DAVID SAGINAW of North Caldwell assumed the presidency of Jewish Federation of Greater MetroWest NJ July 1. He replaces Scott Krieger, who served the three-year term.
“This is something I always wanted to do, and I am incredibly grateful for the opportunity,” Saginaw said.
He comes to his new leadership position with a unique perspective. For nearly 20 years, he’s worked on the professional side of Jewish communal life, as a managing director of financial resource development at Jewish Federations of North America (JFNA), as senior major gifts officer at The Birthright Israel Foundation, and as the North American executive director of TIKVA Children’s Home.
Originally from Detroit, Saginaw met his wife Paula when they were students at the University of Michigan. He returned to New Jersey with her and began his career as a sixth-grade teacher at South Mountain Elementary School in South Orange before entering the business world a few years later.
“I got involved in our MetroWest federation in the early ’90s,” he said. “My entry point was through Cedar Hill Country Club where Paula and I were members.” The Saginaw family are members of Congregation Agudath Israel of West Essex in Caldwell.
He began raising money for the UJA Annual Campaign at the country club and gradually worked his way up through the federation leadership engagement process, eventually being asked to serve as campaign chair in 2001.

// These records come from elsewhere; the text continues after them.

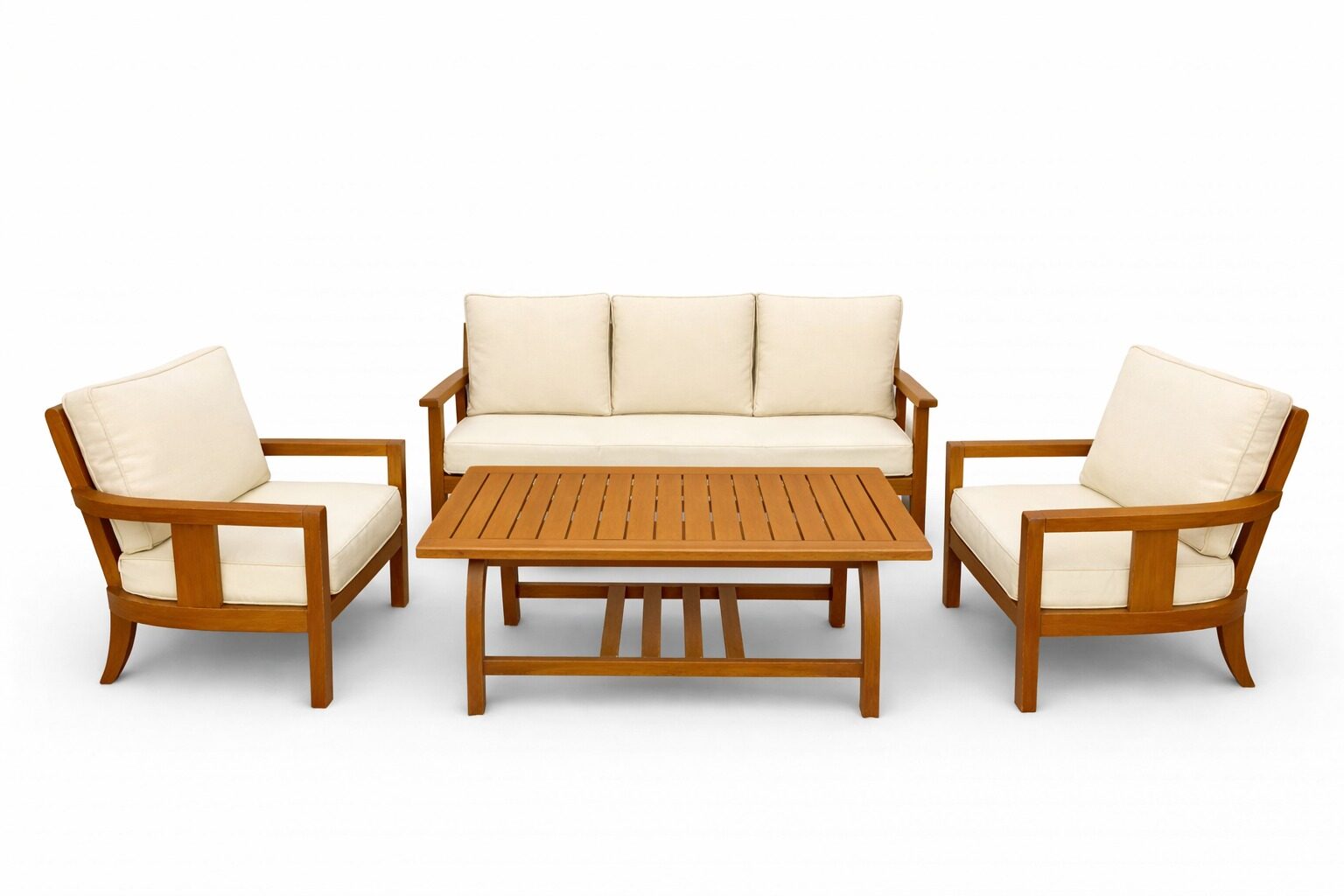 Paloma Houten Loungeset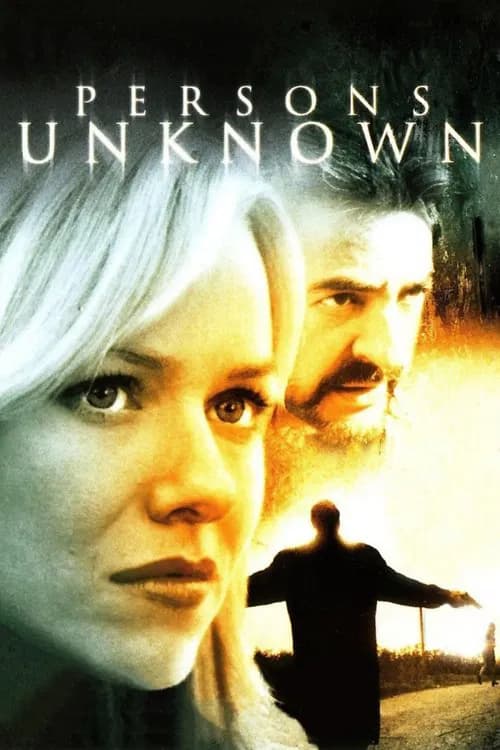 Persons Unknown 포스터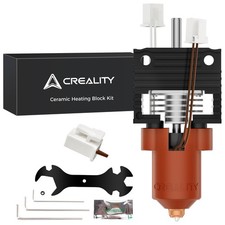 Creality 2025 K1 SE/K1C/K1/K1 Max Hotend Upgrade Ceramic Heating Block Kit,...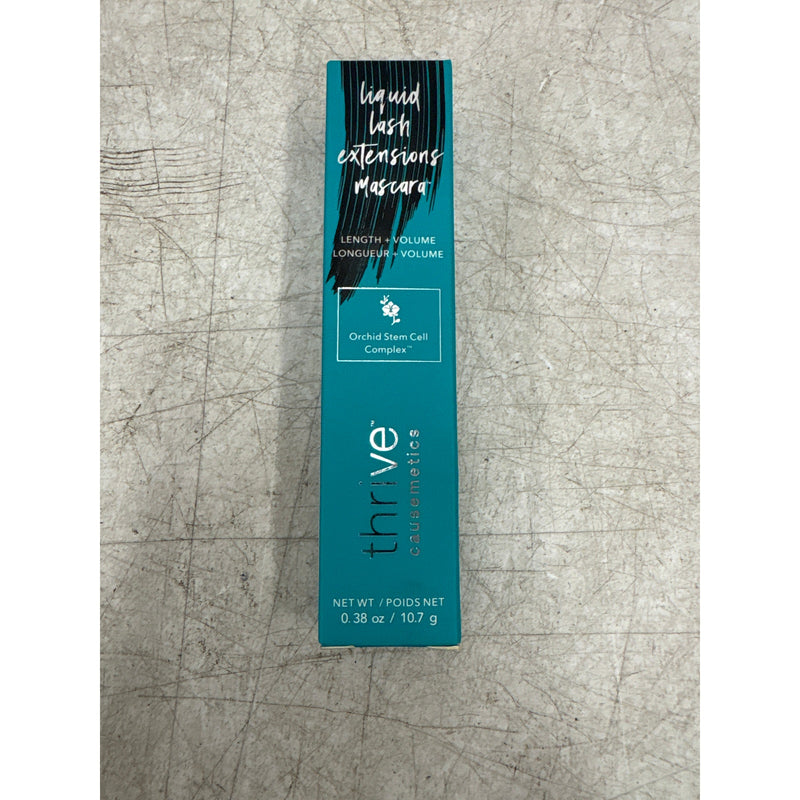 Thrive Causemetics Liquid Lash Extension Mascara - Black 0.38oz Longer & Thicker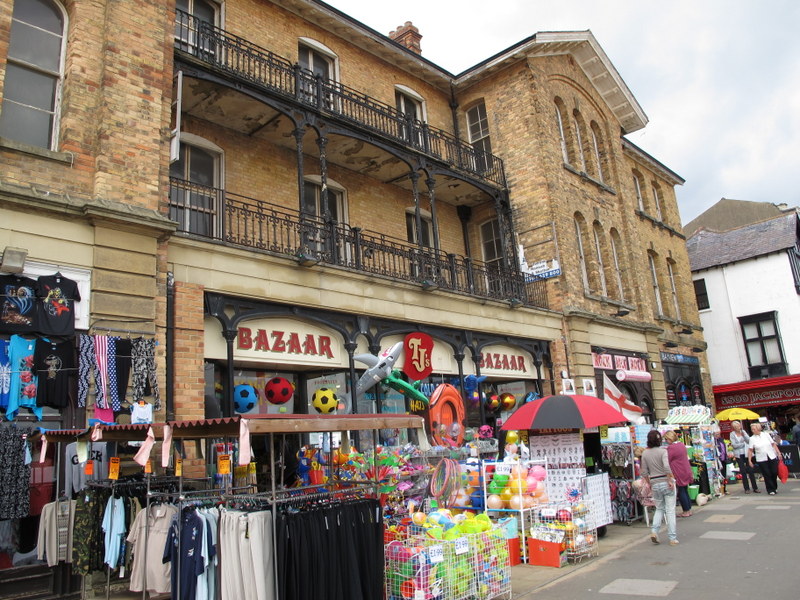 Just one of many down by the seaside at Scarborough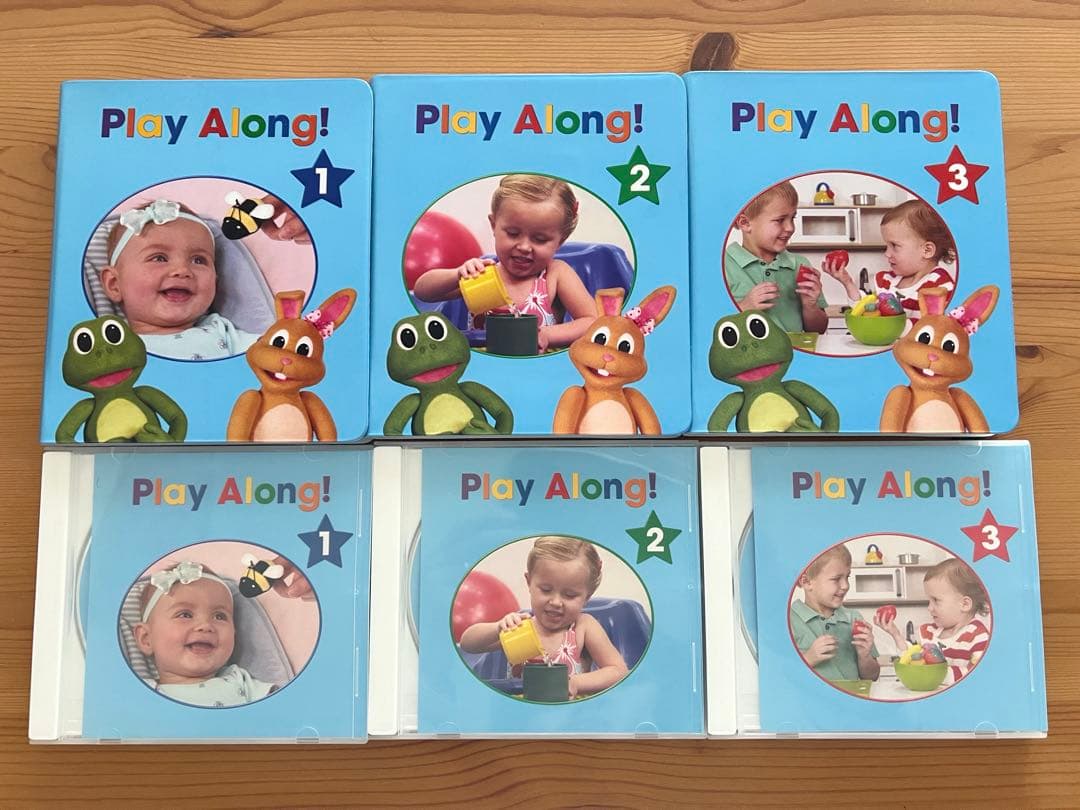 美品　ブレイアロング最新子役　DVD3枚CD3枚セット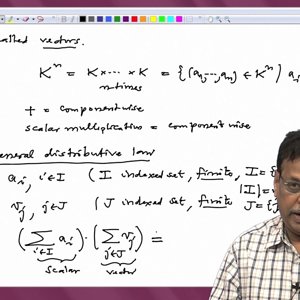 Linear Algebra by Prof. Dilip Patil (NPTEL):- Lecture 3: Examples of Vector Spaces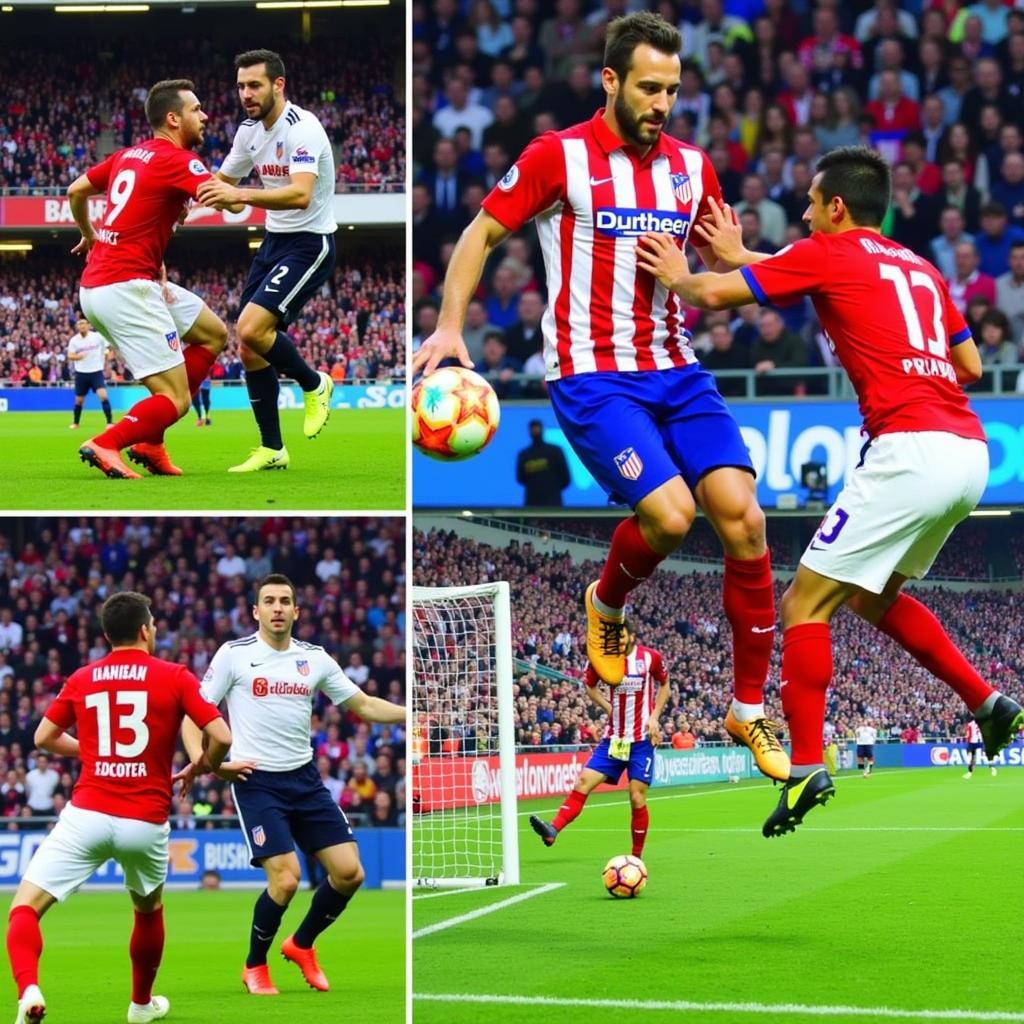 Highlights Champions League 2015 Atletico Madrid vs Bayer Leverkusen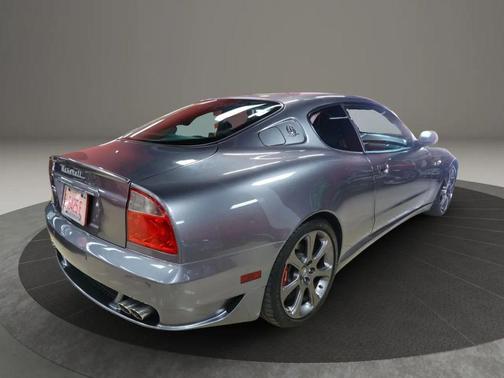 2006 Maserati Spyder GT Coupe 2D
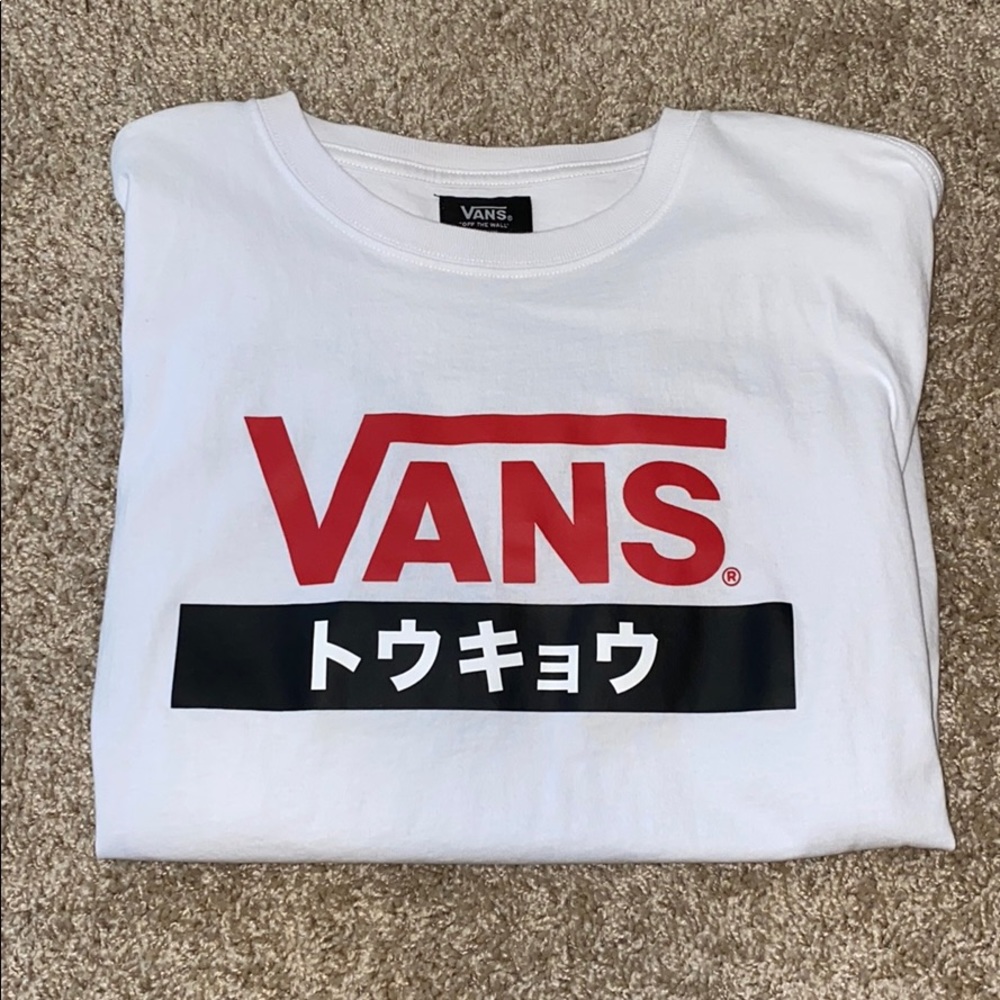 Men’s Vans/Tokyo Tee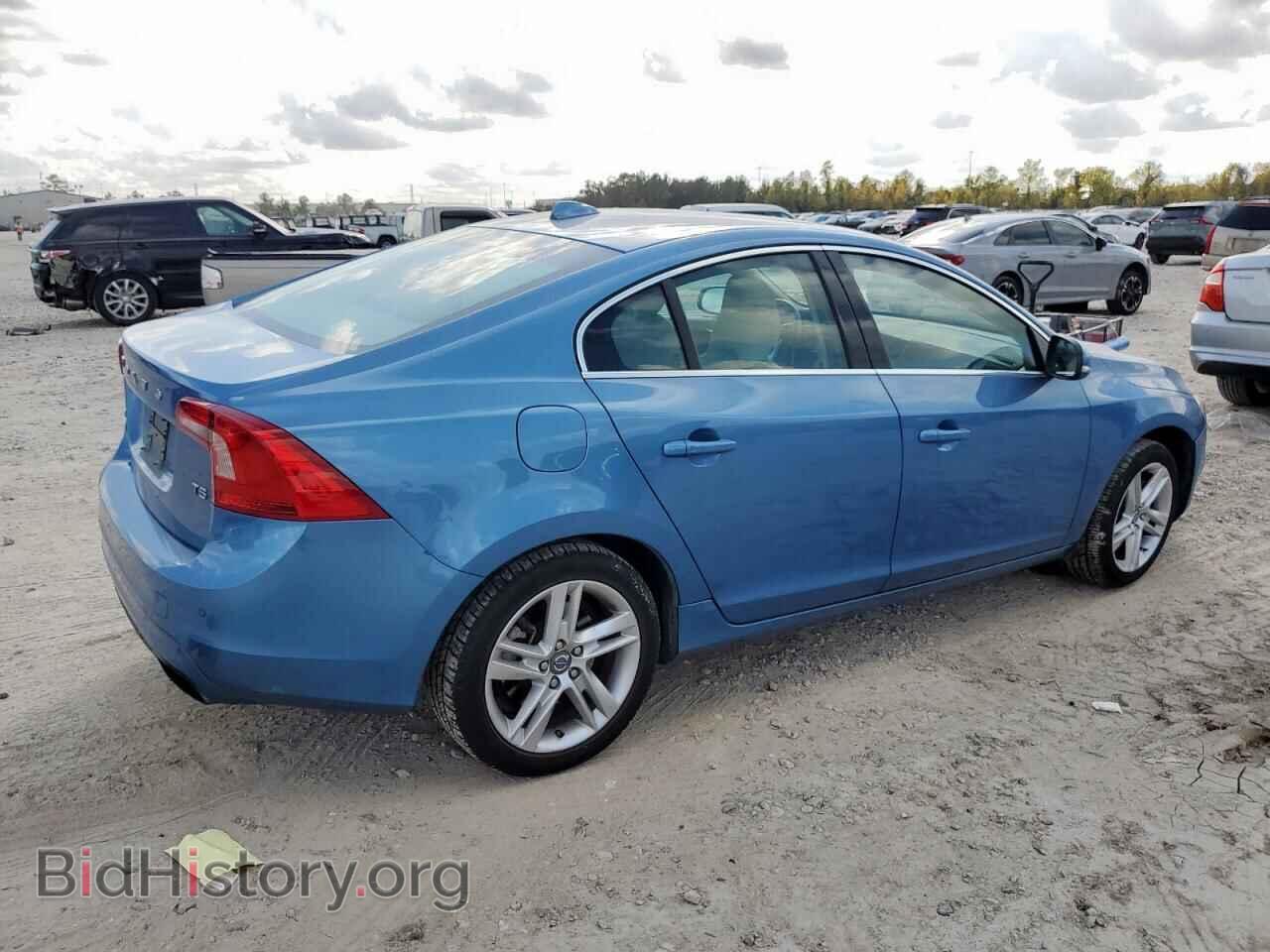 2014 VOLVO S60 - VIN: YV1612FS1E2274244 - Фото 3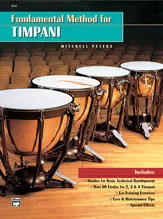 Alfred 4312 Fundamental Method for Timpani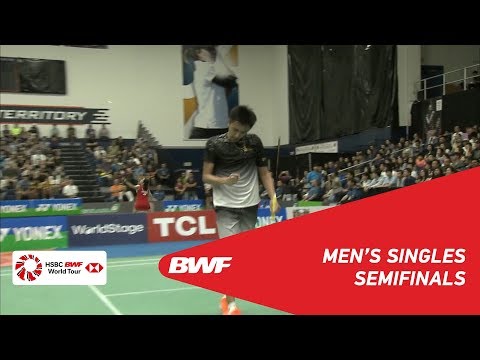 SF | MS | Tanongsak SAENSOMBOONSUK (THA) vs. Sourabh VERMA (IND) | BWF 2019
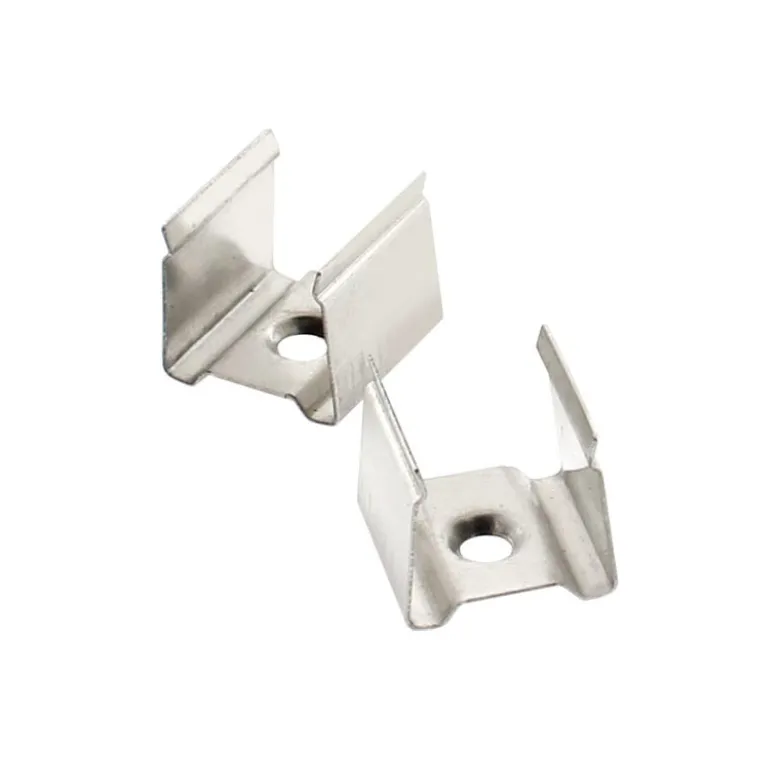 KIT - Perfil PC FOOT MINI para tiras LED, 2 metros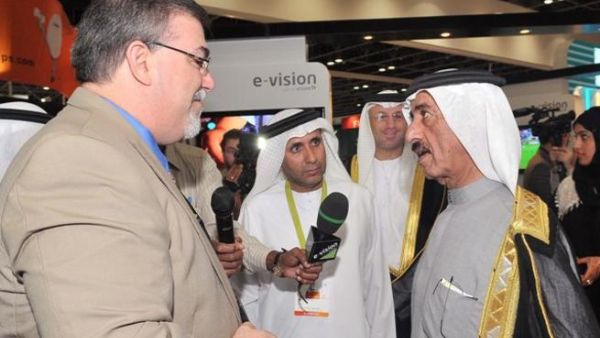 اتصالات خلال مشاركتها في معرض كابسات 2011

At the same time, Saginaw’s career took an interesting turn. “I really enjoyed being campaign chair and thought I might like to explore the possibility of doing this kind of work professionally, on a national level,” he said. “I interviewed for a position at United Jewish Communities [now Jewish Federations of North America] and was hired as part of their financial resource development team.” So he took early leave of his campaign chair position to avoid any appearance of a conflict of interest between his professional and volunteer work.
However, he remained involved in fund-raising and was a federation board member for a dozen more years.
“I eventually rolled myself off the board because I wanted to make room for younger people,” he said.
So now, nearly 20 years after assuming his role as campaign chair, Saginaw is stepping into the president’s position. “I believe that the perspective I have from being a Jewish communal professional will be invaluable in my role as president,” he said. “I’ve always primarily focused on fund-raising and now I’ll be able to take a much broader view of the organization and its place in the community.”
He recognizes the challenging time during which he assumes his leadership position. “Covid-19 may completely turn on its head the way our community provides services,” he said. “As we plan our centennial celebration, we’re in a position to reimagine how we help our agencies, synagogues, and day schools deliver their services to our constituents. I’m looking forward to stewarding this process for our Greater MetroWest community.”